In adding new features to HistoQC , I stumbled upon a very interesting insight that I thought I would take a moment to share. The amount of noise and artifacts in digital pathology (DP) whole slide images (WSI) is far more extensive than I had previously thought.
When looking at a WSI, our brains do a lot of work for us in terms of post-processing the signal which reaches our eyes into the representation of the WSI we have in our consciousness. When building machine learning (and in particular, deep learning) algorithms, it is important to realize that this post-processing work is not done for us automatically.
Let’s make this conversation a bit more concrete. If I were to show you this image, it appears to be a typical immunohistochemically stained image with hematoxylin and DAB for CD20. The background likely appears fairly homogenous to our eye, with no extreme distortions or excessive anomalies.
On the other hand, if we take this same image, convert it from RGB to Grayscale and then apply a very rudimentary histogram equalization approach, which enhances the contrast in the image to make small details more apparent (available in skimage), we can see a strikingly different story:
Importantly, note that the algorithm did not “fabricate” this data, it simply enhanced data which is already present in the image. We can more readily see the tiling artifact produced by the scanning process, as well as more clearly notice coverslip artifacts and dust on the slide.

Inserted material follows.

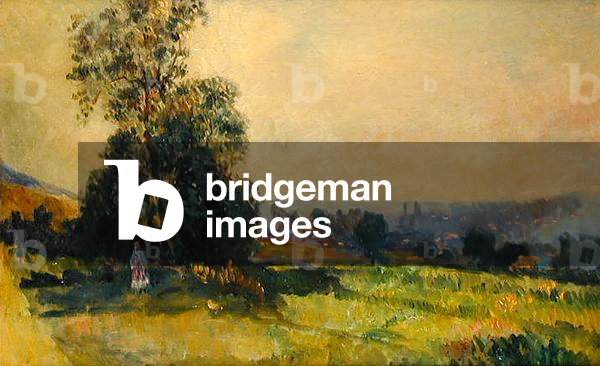 A Young Girl in a Landscape (oil on canvas)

For example, when looking closer at this region circled in red, we can see that the processed image is actually enhancing a spot which is barely visible on the original image:
These issues appear to be present everywhere, including for example some of my favorite images from the TCGA-BRCA cohort. Here is TCGA-BH-A0HO-01Z-00-DX1.D3D66547-F5D4-40F5-B737-2FECEEB35ACB.svs
There are two points I would like to make here:
- Although it may be difficult for us to visually see these anomalies, both because of contrast of the signal as well as our mental post-processing, this level of specificity is more akin to what our machine learning classifiers are “seeing” and attempting to reconcile.
- Although the anomalies are significantly more visible here in the background region of the slide, they are very much equally present in the tissue regions, though more difficult to visually see due to the presence of tissue.
Questions resulting from these points then become:
- How much do these subtle anomalies impact the performance of our algorithms?
- Are understanding how and why they are created important for experimental design considerations, in particular in the context of batch effect detection?
- Can and should we make efforts to compensate for them?
These are questions I will continue to think about, especially when looking at unexpected output from our deep learning classifiers. Now I will begin to wonder more deeply what I’m not seeing which may ultimately be driving the result being presented to me.
HistoQC v2.1 now has the ability to produce these files for your own review. Simply enable the “LightDarkModule.saveEqualisedImage” module in pipeline!
Would be very happy and interested to hear any thoughts you may have!